Pakistan Carpet Manufacturers and Exporters Association (PCMEA) was established in 1960 to run the affairs and work to promote carpet manufacturing industry of the country. The association is divided in two circles, Northern and Southern, with respective offices in Lahore and Karachi. The association has around 500 active members from all four provinces of the country. An executive body is elected every year comprising 24 members (12 from each circle). In 2014, Usman Ghani was elected the central chairman.

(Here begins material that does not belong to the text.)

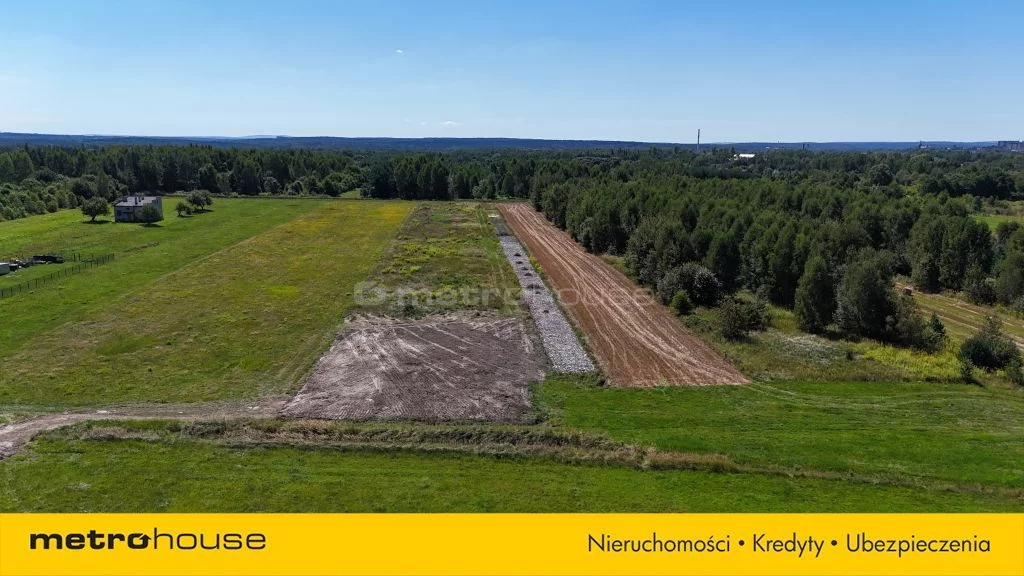 Działka 1 000,00 m², oferta nr , SGJORA790, Skarżysko Kościelne, Dworska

==Annual carpet exhibition==

Stalls and visitors at Annual Carpet Exhibition in Lahore, Pakistan in October 2014

 PCMEA holds an annual carpet exhibition and invites international importers, retailers and buyers to attend the fair. PCMEA provides the foreign visitors with airfare and lodging to attend the fair that is normally held for 3 or 4 days.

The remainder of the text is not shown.